MINNEAPOLIS (WCCO) -- No one knew what Colorado theatre shooting suspect James Holmes was up to: buying four guns and 6,000 rounds of ammunition over a period of two months. No federal agency was alerted and no red flag was raised. So, why aren't large ammunition purchases tracked?
"Buying 6,000 rounds of ammunition and 4 guns within 60 days seems like a lot. Is there a system to track big buys like that?" asked Alisha Krueger.
First of all, it's hard to say what would qualify as a "big buy."
On Facebook, Michael Baier wrote, "On any given weekend it's not hard to put 500-700 rounds down range."
Brian O'Neill added, "Most people I know who are serious shooters buy in batches of a minimum 1,000."

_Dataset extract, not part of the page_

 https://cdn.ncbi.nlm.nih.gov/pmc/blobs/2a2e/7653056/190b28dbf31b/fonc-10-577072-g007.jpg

"In situations like this, people are driven to do something. The something they do isn't always something that wouldn't help," said Andrew Rothman, Vice President of the Gun Owners Civil Rights Alliance in Minnesota. "There could be a system to track anything, but time and time again we see such tracking systems don't do any good."
Rothman said the instant background check system at the point of purchase for gun sales "has worked," but he worries about extra restrictions.
"Our government is not doing anything to catch the criminals that are breaking the law while they continue to hassle the law-abiding majority," he said.
There are those, however, who think a tracking system for major ammunition purchases of heavy artillery makes sense.
"There aren't systems to make sure someone who's buying excessive amounts of munitions draws a red flag," said Leroy Dawson, an organizer for Protect MN, a Minnesota advocacy group that supports tighter laws on gun sales.
Dawson didn't have a number in mind that would be the appropriate limit to trigger a red flag.
"That's a good question. I think that's something that should be up for debate," he said.
Some states let you only buy one gun per month, and if you buy a lot of handguns, gun shops do report that to the federal government. However, if you buy a bazooka, the FBI doesn't get notified about that. If you buy 100,000 rounds of ammunition, no one hears about that.
"Most purchasers want to buy on sale or buy in bulk, and that's great, but at what expense?" asked Dawson. "It's great you have your hobby. We need to take this seriously, because we're losing lives."
The other practical problem with an ammunition tracking system is the question of what happens if you try to make a big buy. Do you get denied, as is the case with the instant background check on gun sales? Do you get investigated? Prosecuted? And who ends up doing that?
"Do we tell them no, do we make a record of it? After the disaster we can say, 'yep, he bought a lot of ammo.' That hasn't accomplished anything," said Rothman.
"The question is: how far are you willing to take your comfort when we see children dying on the street, numbers of people killed in movie theatres and schools," countered Dawson.
There is one ammo tracking system that some states including California are experimenting with: each bullet gets a serial number. So, if cops find shell casings at a drive-by scene, they can track the bullet back to the buyer. It's expensive and the jury is still out to see if it will be worth the money.